Study participants wore helmets fitted with a REFLCT projection unit (see Fig. 2). Each unit was fashioned out of a high density fiberboard framework, which can support a number of active LED markers for motion capture, a DLP based pico-projector, and an optional USB video camera for monitoring and recording the user’s view. The USB cameras were not used in this study. The pico-projector is vertically mounted and projects down upon a small mirror oriented at 45\({}^\circ \), which reflects the light forward. This places the optical axis of the projection closer to the user’s eyes. A PhaseSpace Impulse active LED motion capture system determines the position and orientation of each REFLCT projection unit and distributes this information, via VRPN, to a corresponding PC. Each PC then renders the proper perspective view using the Unity game engine.

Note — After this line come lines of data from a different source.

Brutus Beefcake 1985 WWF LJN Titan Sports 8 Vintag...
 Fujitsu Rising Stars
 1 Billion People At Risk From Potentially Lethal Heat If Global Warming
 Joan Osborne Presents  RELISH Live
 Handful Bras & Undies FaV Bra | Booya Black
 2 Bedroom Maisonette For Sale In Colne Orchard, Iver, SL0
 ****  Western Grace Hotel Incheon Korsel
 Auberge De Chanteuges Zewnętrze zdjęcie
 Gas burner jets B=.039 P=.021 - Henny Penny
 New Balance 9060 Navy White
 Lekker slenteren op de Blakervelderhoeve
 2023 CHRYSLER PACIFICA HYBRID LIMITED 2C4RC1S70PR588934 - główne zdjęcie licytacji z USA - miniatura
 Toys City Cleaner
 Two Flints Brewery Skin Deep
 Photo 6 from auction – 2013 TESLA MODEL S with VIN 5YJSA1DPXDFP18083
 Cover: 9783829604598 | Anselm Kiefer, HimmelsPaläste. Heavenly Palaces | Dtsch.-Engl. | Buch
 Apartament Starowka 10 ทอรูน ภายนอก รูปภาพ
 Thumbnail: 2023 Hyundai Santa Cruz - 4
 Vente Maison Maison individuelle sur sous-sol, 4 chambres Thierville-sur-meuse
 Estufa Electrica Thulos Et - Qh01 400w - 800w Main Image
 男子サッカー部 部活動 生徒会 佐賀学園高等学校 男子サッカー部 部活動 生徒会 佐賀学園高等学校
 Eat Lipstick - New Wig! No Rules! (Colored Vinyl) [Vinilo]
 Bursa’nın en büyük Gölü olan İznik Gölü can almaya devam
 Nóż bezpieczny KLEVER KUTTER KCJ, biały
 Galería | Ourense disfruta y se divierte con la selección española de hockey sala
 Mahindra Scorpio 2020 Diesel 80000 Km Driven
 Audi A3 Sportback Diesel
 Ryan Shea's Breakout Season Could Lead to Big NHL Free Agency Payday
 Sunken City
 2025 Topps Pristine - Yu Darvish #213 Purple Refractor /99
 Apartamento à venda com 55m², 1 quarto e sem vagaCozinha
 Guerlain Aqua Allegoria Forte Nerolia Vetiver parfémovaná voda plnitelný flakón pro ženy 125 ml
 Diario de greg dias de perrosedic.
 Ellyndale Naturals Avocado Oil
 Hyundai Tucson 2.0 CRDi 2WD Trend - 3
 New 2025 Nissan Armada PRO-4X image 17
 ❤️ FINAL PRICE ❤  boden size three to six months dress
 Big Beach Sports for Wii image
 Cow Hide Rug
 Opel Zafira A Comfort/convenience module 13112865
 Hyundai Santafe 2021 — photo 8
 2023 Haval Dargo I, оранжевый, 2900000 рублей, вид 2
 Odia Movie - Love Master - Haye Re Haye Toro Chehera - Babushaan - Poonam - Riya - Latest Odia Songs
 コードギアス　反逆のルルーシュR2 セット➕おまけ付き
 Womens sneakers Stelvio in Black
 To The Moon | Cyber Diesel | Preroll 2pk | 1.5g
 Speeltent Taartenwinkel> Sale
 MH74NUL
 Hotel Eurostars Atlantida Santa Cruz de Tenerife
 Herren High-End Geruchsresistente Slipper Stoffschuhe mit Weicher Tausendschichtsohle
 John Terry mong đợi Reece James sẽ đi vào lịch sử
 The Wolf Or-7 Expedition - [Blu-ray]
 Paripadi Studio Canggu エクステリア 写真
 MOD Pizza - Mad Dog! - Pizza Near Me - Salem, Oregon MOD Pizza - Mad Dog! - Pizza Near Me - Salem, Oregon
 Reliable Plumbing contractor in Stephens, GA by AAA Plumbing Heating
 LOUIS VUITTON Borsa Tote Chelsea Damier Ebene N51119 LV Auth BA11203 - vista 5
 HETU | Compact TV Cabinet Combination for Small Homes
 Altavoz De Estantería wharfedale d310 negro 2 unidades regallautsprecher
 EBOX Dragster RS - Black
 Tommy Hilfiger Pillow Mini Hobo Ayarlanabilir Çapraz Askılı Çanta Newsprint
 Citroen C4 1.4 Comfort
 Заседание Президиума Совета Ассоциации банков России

Each REFLCT projector is connected by a DVI cable to the corresponding PC.

The software development environment was centered around the Unity game engine with scripting written in C#. The virtual human character was animated using the Smartbody character animation platform [23, 42]. The character’s voice consisted of spoken dialogue that was pre-recorded and then processed to determine visemes (mouth movements) and timing for character animation. Most character behaviors were automated, such as head and mouth movements. Specific gaze behaviors could be set according to the needs of the interaction or experimental condition, described later in this paper. Appropriate vocal responses and special gestures, such as affirmative nods, could be triggered by an experimenter operating a Wizard of Oz control panel. This experimenter and the control panel was hidden from the view of the participants during the experiment.

3.2 Design

The experiment used a 2\(\,\times \,\)3 factorial between-subjects design with two factors: (i) two different types of projection display: Simulated Traditional Projection display (STP) and Head Mounted Projection display (HMP); and (ii) three different types of eye gaze behavior: extensive gaze, real-life gaze, and random gaze. The HMP condition reflects the true design intent of the REFLCT system. The simulation aspect of the Simulated Traditional Display condition was employed to improve the comparison of display styles with more consistent resolution and brightness than could be achieved by introducing a separate traditional projection display.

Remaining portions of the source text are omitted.